May I upload drawings by Eugène Stanislas Guillaume Duval (born 1845 France, died ????) that were published in a book by Eduard von Martens (1831–1904) in London in 1901? I do not know the death date. --Snek01 (talk) 00:57, 31 July 2009 (UTC)

Let's see... he would have to have died before 1939. It's definitely PD in the U.S., so no legal issue for us, but reusers in the U.K. may have a problem if the guy lived past 94 and someone's around to sue on his behalf... Are these engravings by any chance? Rocket000 (talk) 01:37, 31 July 2009 (UTC)
It's all PD in the US by {{PD-1923}}. As for the UK, I generally presume people live at most 90 years, so I'd call this one clear. Dcoetzee (talk) 01:42, 3 August 2009 (UTC)
Especially back then when the life expectancy was like half of what it is now. Rocket000 (talk) 16:42, 3 August 2009 (UTC)

Question on a print

I have uploaded File:Birth of the Irish Republic.jpg, which was painted by an artist who died in 1936, so (hopefully!) there's no copyright issues there. However there's also a print version which can be seen on page 17 here. Is the print sufficiently similar to also be PD, or is it sufficiently different to not be PD (details of when it was made are unknown)? Thanks. One Night In Hackney (talk) 12:43, 6 August 2009 (UTC)

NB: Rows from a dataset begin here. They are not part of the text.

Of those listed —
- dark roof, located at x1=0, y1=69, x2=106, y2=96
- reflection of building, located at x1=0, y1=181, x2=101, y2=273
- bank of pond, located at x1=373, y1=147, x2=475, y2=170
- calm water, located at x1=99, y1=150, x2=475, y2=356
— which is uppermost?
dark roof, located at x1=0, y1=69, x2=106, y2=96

Note: discussion on :en here: en:Wikipedia:Media copyright questions#Prints?. Powers (talk) 15:07, 6 August 2009 (UTC)
You'd have to compare with the original painting.... just turning it black and white would not, but if there were additional changes, then maybe. Engravings and mezzotints have been found copyrightable before (though they change the appearance somewhat). According to this PDF (page 4), the print was made by Thomas Kiersey in 1916, and he did claim copyright at the time. Carl Lindberg (talk) 15:20, 6 August 2009 (UTC)

File:Buttholesurfers.JPG

This image has no licenses but does have the text: An email containing details of the permission for this file has been sent in accordance with Commons:OTRS. Can anyone clarify whether such an email has been received and whether it is OK to use the image in a Wikipedia article? I am conducting a Good Article review for English Wikipedia for an article on the band Butthole Surfers and would appreciate any help in identifying the status of this image. Thanks. Jezhotwells (talk) 01:15, 3 August 2009 (UTC)

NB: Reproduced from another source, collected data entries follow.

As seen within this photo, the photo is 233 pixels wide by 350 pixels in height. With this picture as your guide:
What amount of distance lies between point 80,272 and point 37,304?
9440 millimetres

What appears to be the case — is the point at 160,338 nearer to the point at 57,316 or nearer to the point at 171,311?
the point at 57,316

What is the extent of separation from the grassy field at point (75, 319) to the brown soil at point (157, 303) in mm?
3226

Any image that has received permission through OTRS should bear a template referencing a specific OTRS number, unless it is still in progress. If it has been a while, you should mail the OTRS e-mail address yourself to check on status, and if the image was not approved and the original uploader has vanished it can be deleted. Dcoetzee (talk) 01:40, 3 August 2009 (UTC)
Please don't e-mail OTRS asking about past tickets. Instead, in the future, please post at COM:ON. I'll check OTRS for an e-mail about that image. -Andrew c (talk) 20:50, 3 August 2009 (UTC)
I've searched, and couldn't find any tickets referencing that file name, the butthole surfers in general, nor Matt Broiler (except for the e-mail you sent 12 hours ago). Looks like OTRS was never sent. The speedy deletion template has been applied since July 22, so it is ready to be deleted. Also, I've closed the e-mail you sent OTRS as I've replied here. Remember COM:ON for the future! Hope this helps. I'd be glad to help further if there are other issues.-Andrew c (talk) 20:57, 3 August 2009 (UTC)
Thanks, I'll remmebr COM:ON for future reference. Jezhotwells (talk) 23:03, 7 August 2009 (UTC)

User:Britpilot

I believe at least two of this contributors images are copyvios, File:Flying suit 033.JPG (own work? check previous version and no metadata) and the one that raised my suspicion File:Chipmunk3.jpg which says source BRNC Dartmouth (MOD, Navy training college) and the author is one 'Horatio Hornblower'. Not sure about the rest, mostly tagged as own work, wish I could draw a coat of arms like that. Sorry but I don't buy it. Nimbus227 (talk) 23:03, 6 August 2009 (UTC)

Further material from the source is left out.